Inside to my left, a sad guitar lays on a stool, the rotting wood separating in several places. Posters of forgotten '80s action movies and classic bodybuilders adorn the walls, accompanied by Madonna in her prime. A pair of dried chicken feet is wedged above the entrance doorway, warding off thieves and other malevolent spirits. What I assume was once the common area features a wall map alongside pencilled portraits of ancient rulers from the Samanid dynasty. Mouldy mattresses and blankets are all that occupy the quarters.
Yet for all the strange relics, the eeriest thing in this domed steel structure is the silence. I try to imagine what sort of bustling scientific activity went on here in decades past, inside what is perhaps the most remote backcountry shelter in the world.
The Gorbunov Meteorological station sits on a rocky outcropping on the Fedchenko Glacier at 4,169 metres, a legacy of Soviet climate science in Tajikistan's Pamir Mountains. One of 80 meteorological stations (past and present) in the mountainous country, Gorbunov operated from its construction in 1935 all the way up to the early 1990s when the country plunged into a five-year civil war. The location is extremely hard to access by foot (impossible by land vehicle) and even helicopters struggle to lift in passengers and payloads at such high altitude.
Now a husk of its operational heyday, Gorbunov served as one of the most equipped meteorological stations in Central Asia during the 20th Century. It was a research and analysis centre that would receive daily data transmissions from dozens of portable self-recording weather stations, as evidenced by the rooms stacked to the rafters with disorganized logbooks.
The station's namesake also has rich, if not tragic, history. Nikolai Petrovich Gorbunov, Chief of the Executive of the Soviet of People's Commissars (at one time personal secretary and scientific adviser to Vladimir Lenin himself), lead multiple expeditions in the Western Pamirs between 1928 and 1932, including the first ascent of Pik Lenin. Alongside Soviet explorer and Bolshevik revolutionary Nikolai Krylenko, Gorbunov helped map much of the Pamir region and identify the highest peak in the Union of Soviet Socialist Republics (USSR), Pik Stalin (7,495m, later renamed Pik Communism in 1962 then Ismoil Somoni Peak in 1998). Gorbunov mounted a large expedition in 1933 to climb Pik Stalin and install two portable weather stations as high on the slopes as possible, claiming the trip "was not just a climb, [or] a matter of sport, but a scientific expedition." Two party members died on that ascent, another narrowly escaping death in a fall, but losing a hand, which was crushed in a rockfall.
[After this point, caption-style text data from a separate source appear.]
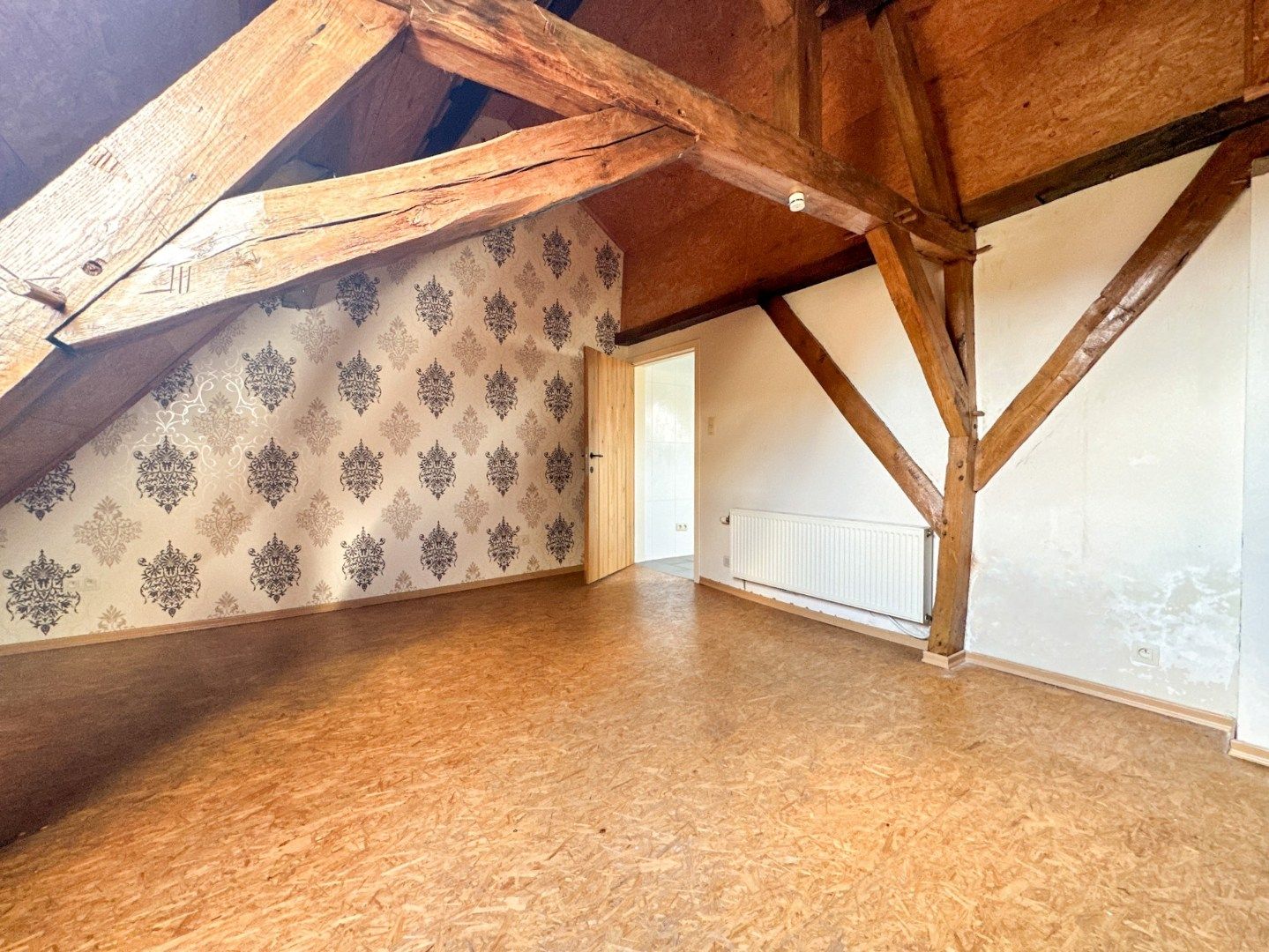 Woning met 3 slpk, tuintje en carport, Torhout foto 13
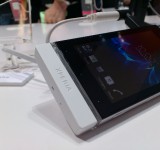 MWC   Xperia U   Up close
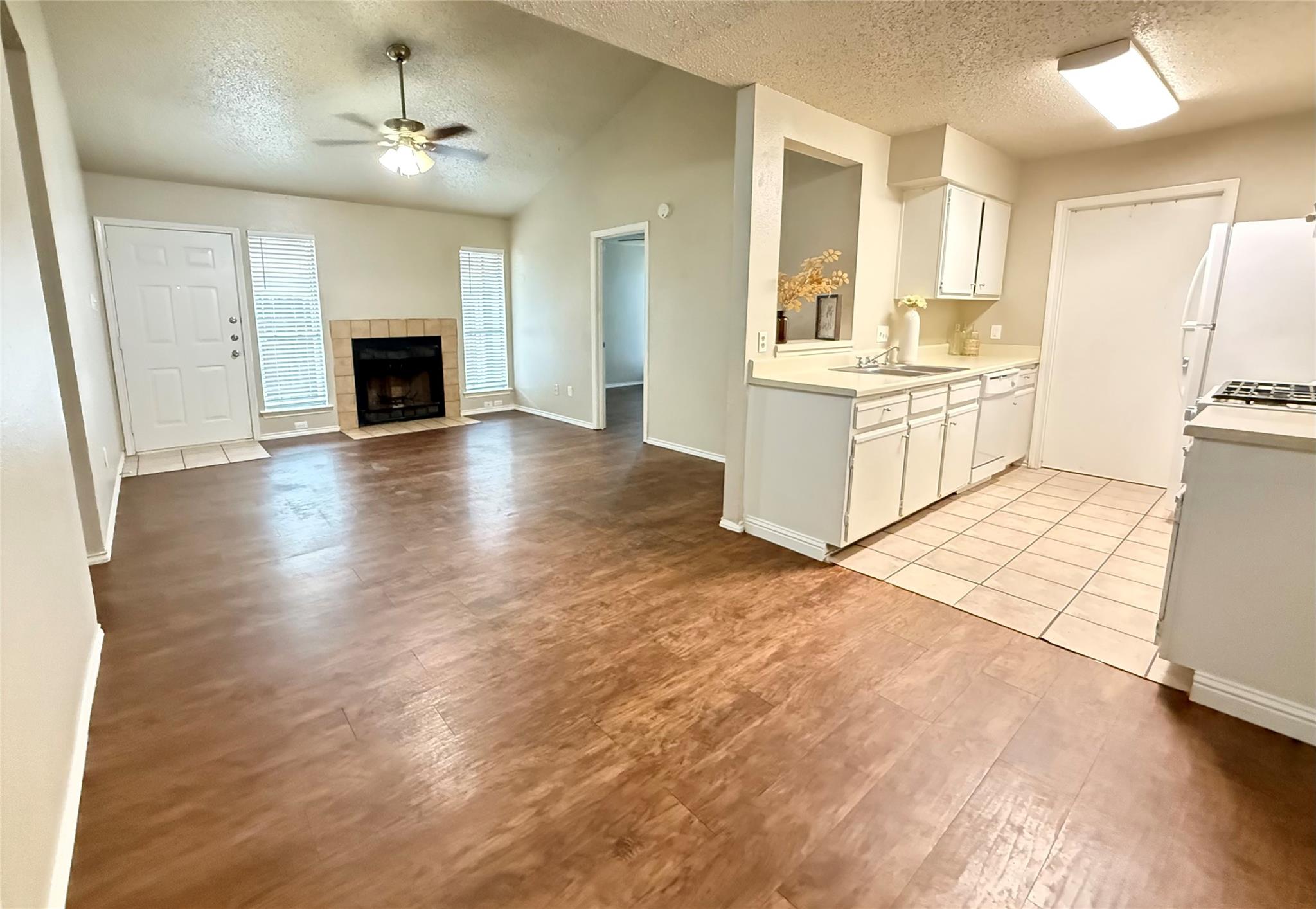 2024 Redwing Way Property Photo 1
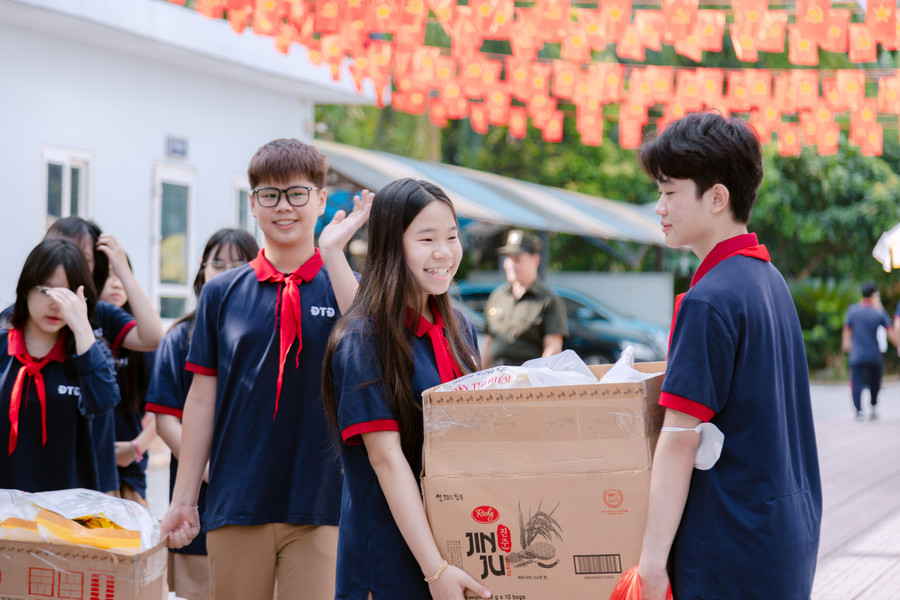 Các em học sinh tự tay chuẩn bị quà cho hoạt động tri ân các thương, bệnh binh nhân dịp Quốc khánh 2/9. 20250820-untitled-3-of-101.jpg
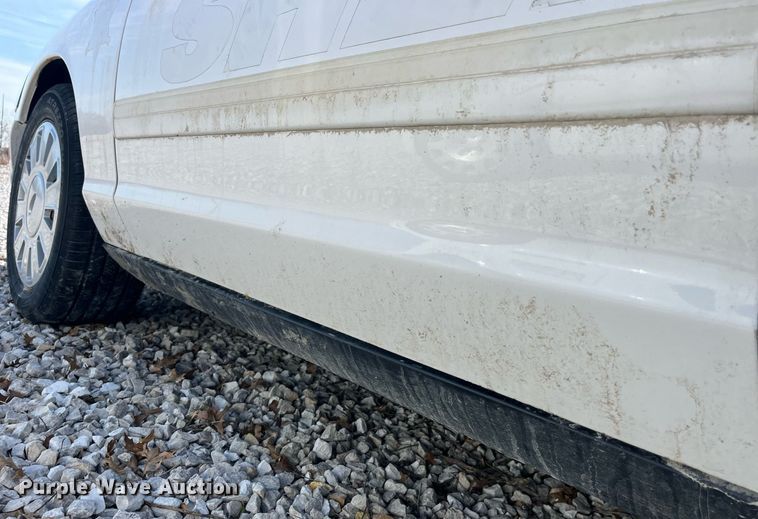 image for item LD9996 2011 Ford Crown Victoria Police Interceptor 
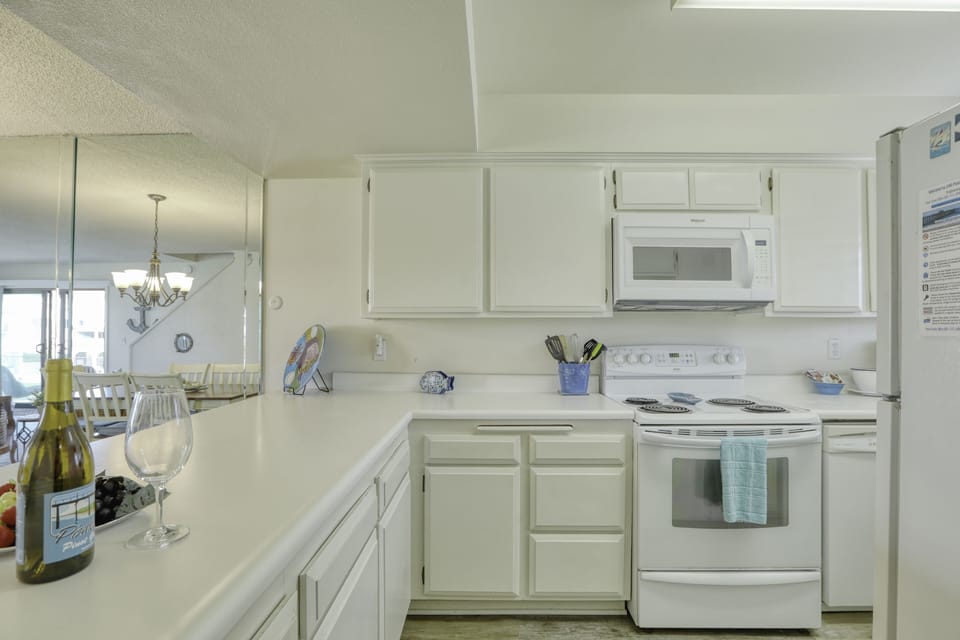 Beautiful Full Kitchen open to living area 149 Pismo Shores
Determined to fulfill his mission for his Motherland, Gorbunov ignored his party's objections and made the push for the summit despite being the oldest member at 41 years old. It was Soviet alpinist Yevgeniy Abalakov who first stood on the summit of Pik Stalin, with records unclear if the older Gorbunov actually made it to the summit at all.
Regardless, Gorbunov returned with the story that he did, and later went on to assume several prestigious positions within Soviet Academy of Science, only to be later arrested, incarcerated and executed for espionage as part of Stalin's Great Purge in the late 1930s.
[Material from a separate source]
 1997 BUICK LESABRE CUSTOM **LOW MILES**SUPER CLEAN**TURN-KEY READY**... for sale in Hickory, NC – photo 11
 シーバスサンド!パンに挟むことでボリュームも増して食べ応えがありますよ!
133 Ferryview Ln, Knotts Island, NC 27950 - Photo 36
The Gorbunov Meteorological station has now been abandoned for over 20 years, but evidence of visiting mountaineers can be found peppered among the volumes of scientific journals, cannibalized instruments and battered kitchen utensils. Among the tomes of Cyrillic text, the only pieces of English literature we could read were aged travel brochures offering guided mountaineering trips to the nearby peaks. An emergency food cache—tins of meat long-expired—hang from the roof should any forsaken travellers stumble in from the cold.
After a half hour of strolling through this remote and dusty museum, I exit and join my party to make camp at the edge of the Fedchenko. Overlooking the station and the largest non-polar glacier in the world, I give a silent salute to Gorbunov. He risked his life many times in these mountains, putting science and the prosperity of his country above his own ambitions. Few mountaineers would do so today.